Wednesday, 6 May 2015: 3:30 PM
Great Lakes Ballroom (Crowne Plaza Minneapolis Northstar)
During the past decade, seminal research concerning wildland fire episodes within the grass-dominated fuelscape of the southern Great Plains has led to improved forecasts and warnings. Much of this advancement has focused upon synoptic-scale composites of fire-effective midlatitude cyclones. However, a meso-scale commonality associated with significant wildfires on the southern Great Plains is the presence of low-level tropospheric thermal ridges.
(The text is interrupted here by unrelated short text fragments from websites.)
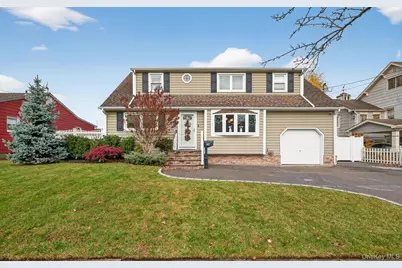 54 W 2nd Street, Freeport, NY 11520 - Photo 2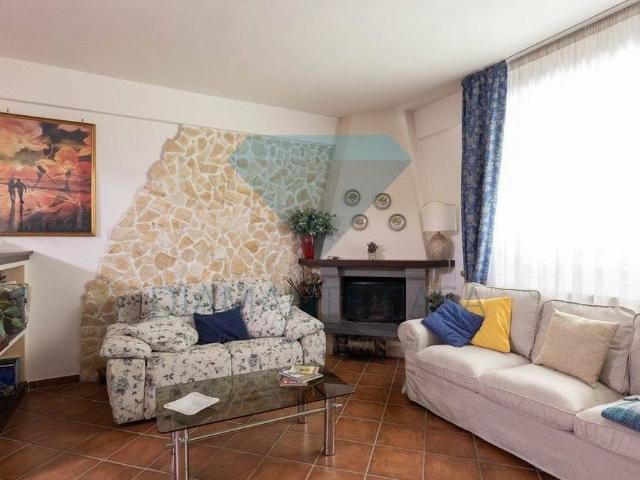 Villa unifamiliare via Sant'Agata 1, Trecastagni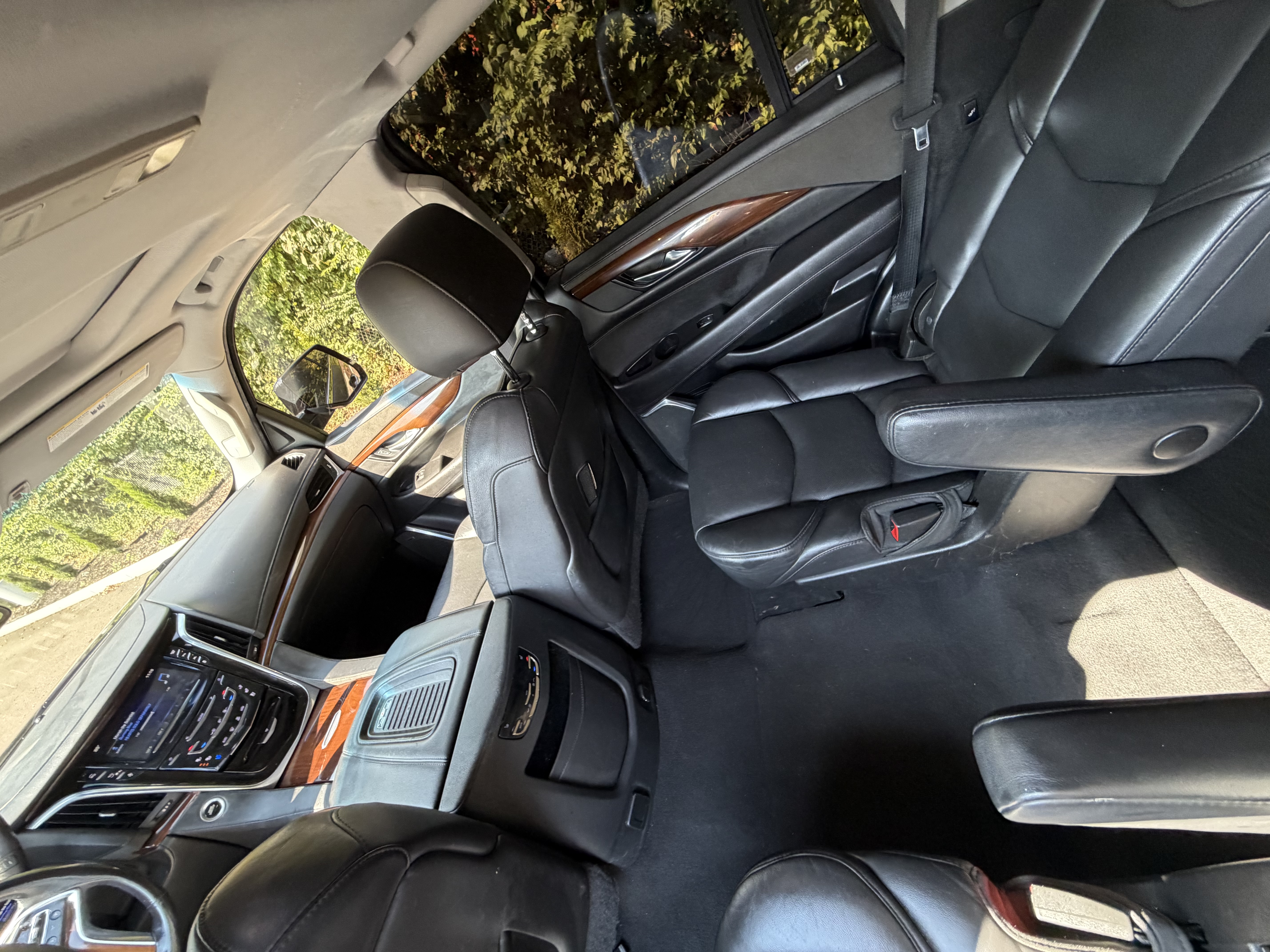 Used 2019 Cadillac Escalade Luxury RWD image 16
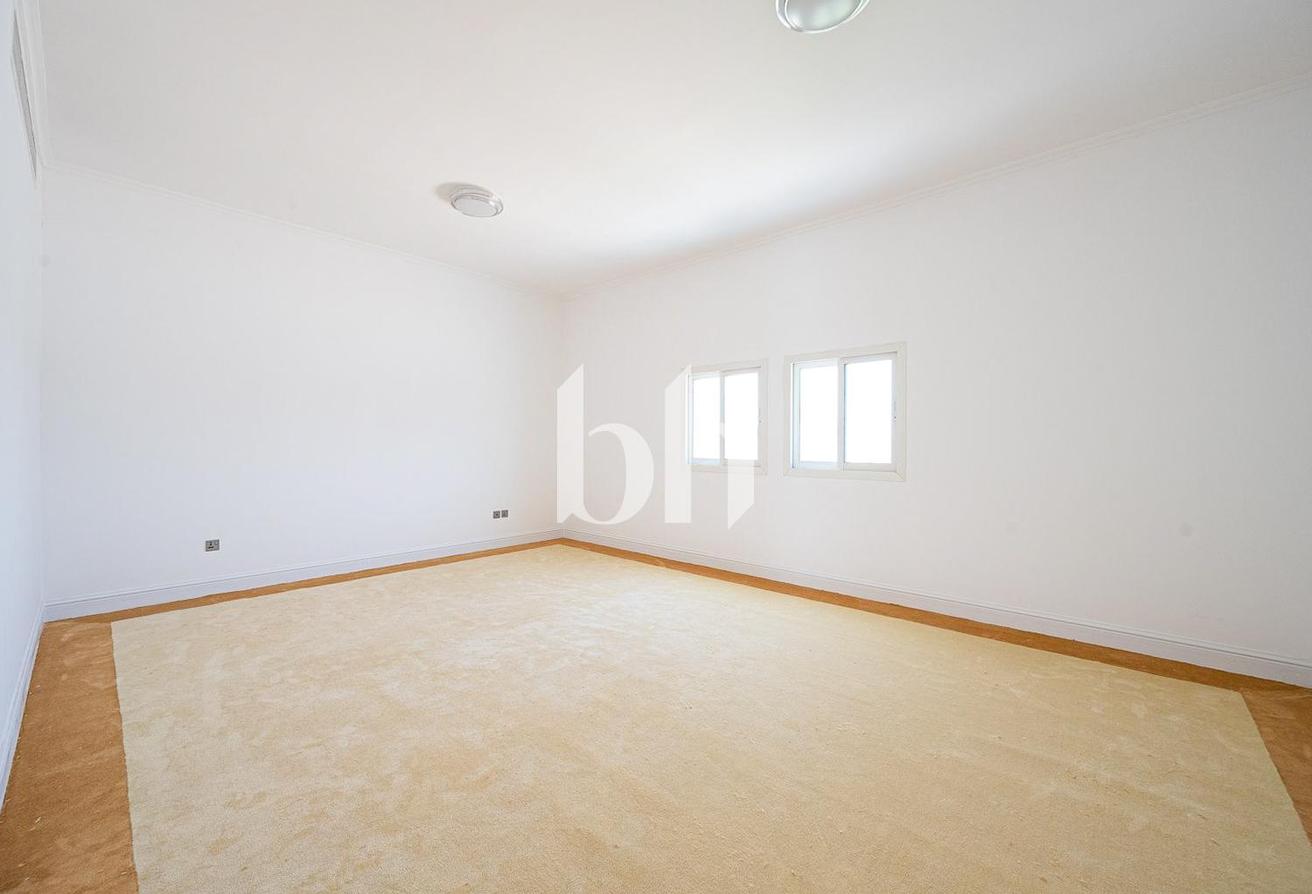 Massive Plot | Upgraded | Ready to move in photo 18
Analogous to the well documented fire-effectiveness of the West Coast Thermal Trough, low-level thermal ridges appear to have dramatic influences on fire activity across the southern Great Plains. In fact, identification of these features in proximity to midlevel wind maxima has proven useful in forecasting the evolution, intensity and areal scope of regional wildfire outbreaks. This study will provide detailed meteorological analyses of fire-effective low-level thermal ridges on the southern Great Plains. The North American Regional Reanalysis will be used to investigate atmospheric characteristics of low-level thermal ridges associated with widespread fire activity during the 9 April 2009, 27 February 2011, 9 April 2011, and 14 April 2011 firestorms on the southern Great Plains, as well as the 11 May 2014 Double Diamond fire, the most devastating fire (per home loss) in Texas Panhandle history. These analyses will show that low-level thermal ridges are often a dominant meteorological factor supporting ignition and extreme wildland fire behavior on the southern Great Plains, with a tendency for intense wildfires to occur on the windward side of pronounced low-level thermal ridges.